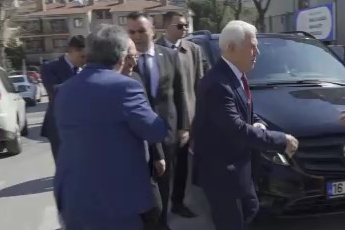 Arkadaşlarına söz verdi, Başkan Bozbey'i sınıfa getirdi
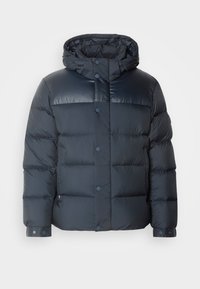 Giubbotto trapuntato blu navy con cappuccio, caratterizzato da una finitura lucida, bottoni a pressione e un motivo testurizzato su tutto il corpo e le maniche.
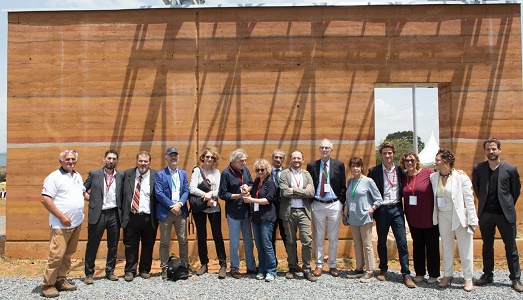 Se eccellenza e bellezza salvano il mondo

...

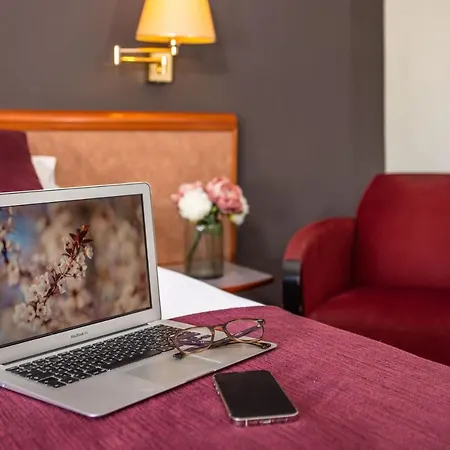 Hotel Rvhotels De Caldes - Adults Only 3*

### WHAT YOU WILL DO:
Out of the records above, return only the lines from the one with "Giubbotto trapuntato blu" through the one with "Se eccellenza e bellezza salvano il mondo", exactly, and none of the pictures.

### RESPONSE TO THIS EXERCISE:
 Giubbotto trapuntato blu navy con cappuccio, caratterizzato da una finitura lucida, bottoni a pressione e un motivo testurizzato su tutto il corpo e le maniche.
 Se eccellenza e bellezza salvano il mondo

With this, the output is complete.